Corporate fleet managers could make significant cost savings and cut millions of tonnes of emissions by taking advantage of more efficient technologies and techniques, according to a new report.

Corporate fleet managers could make significant cost savings and cut millions of tonnes of emissions by taking advantage of more efficient technologies and techniques, according to a new report. 

The report, ‘Saving Fuel, Saving Costs’, was commissioned by Greenpeace, which has used the findings to argue that corporate fleet managers “have more power over the composition of our atmosphere than most politicians, or even most oil executives”.
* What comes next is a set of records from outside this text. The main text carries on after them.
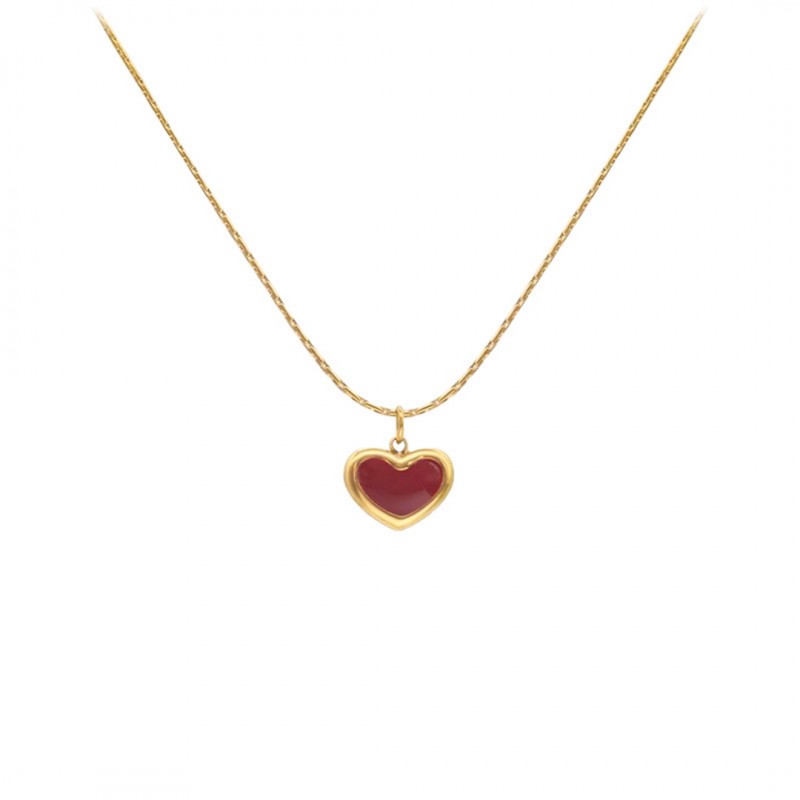 Red Heart Necklace, Niche Design, High-end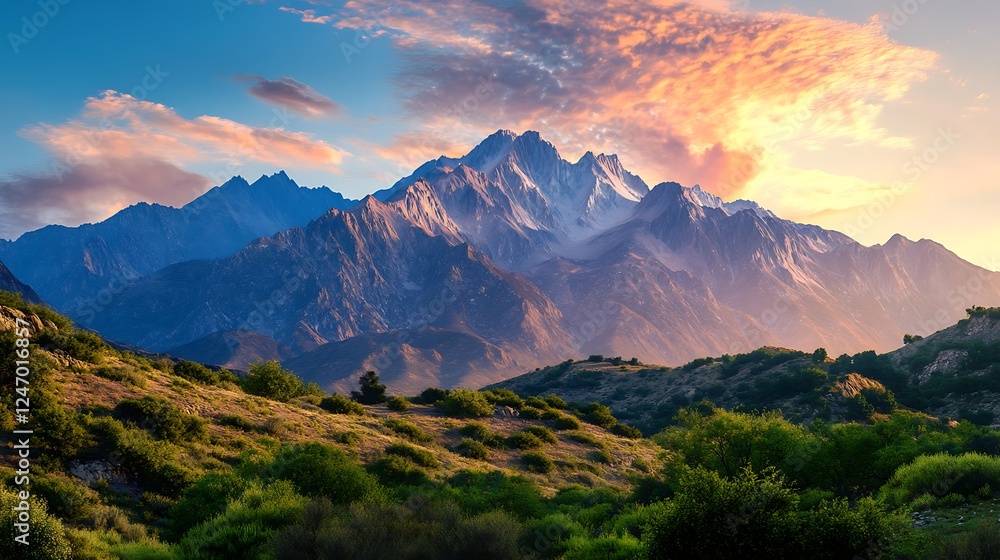 Obraz premium mountainous landscape featuring wildflower meadows and breathtaking scenic vistas image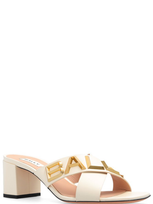 Bally Larise 55mm Leather Mules In Cream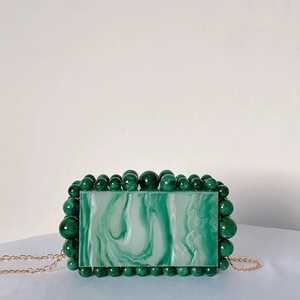 Mini bolso de mano de resina de gran capacidad para mujer con piedra incrustada maquillaje impermeable-Bolso de mano adecuado para regalo para damas - Product Image 3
The statement stems from the fact that fleet operators are responsible for half of new car purchases in Europe and therefore have a significant role in the makeup of Europe’s road transport fleet, which is responsible for nearly a fifth of the continent’s greenhouse gas emissions.

The impact of fleet management decisions is also heightened further by the fact that the majority of company vehicles are sold into the second-hand market when replaced.

Potential savings

The report reveals that in 2012 corporate fleets in the EU burnt 123 billion litres of fuel – costing some €200 billion (£142 billion) – but adds that there are a number of measures that can be taken to reduce fuel costs by around €28 billion (£20 billion), including:

  • Eco-driving: training in road behaviour and driving techniques
  • Retro-fitting: adding aerodynamic features, better tyres, weight reduction and other improvements to existing fleets
  • Switching: replacing conventional internal combustion powered vehicles with electric or hybrid versions, trains or freight transport.

‘Surprising power’

Barbara Stoll, senior climate campaigner at Greenpeace, said: “Fleet managers have a surprising amount of power over all of our futures, and with the rapid progress being made in clean tech, they can use that power for good, and on a grand scale.”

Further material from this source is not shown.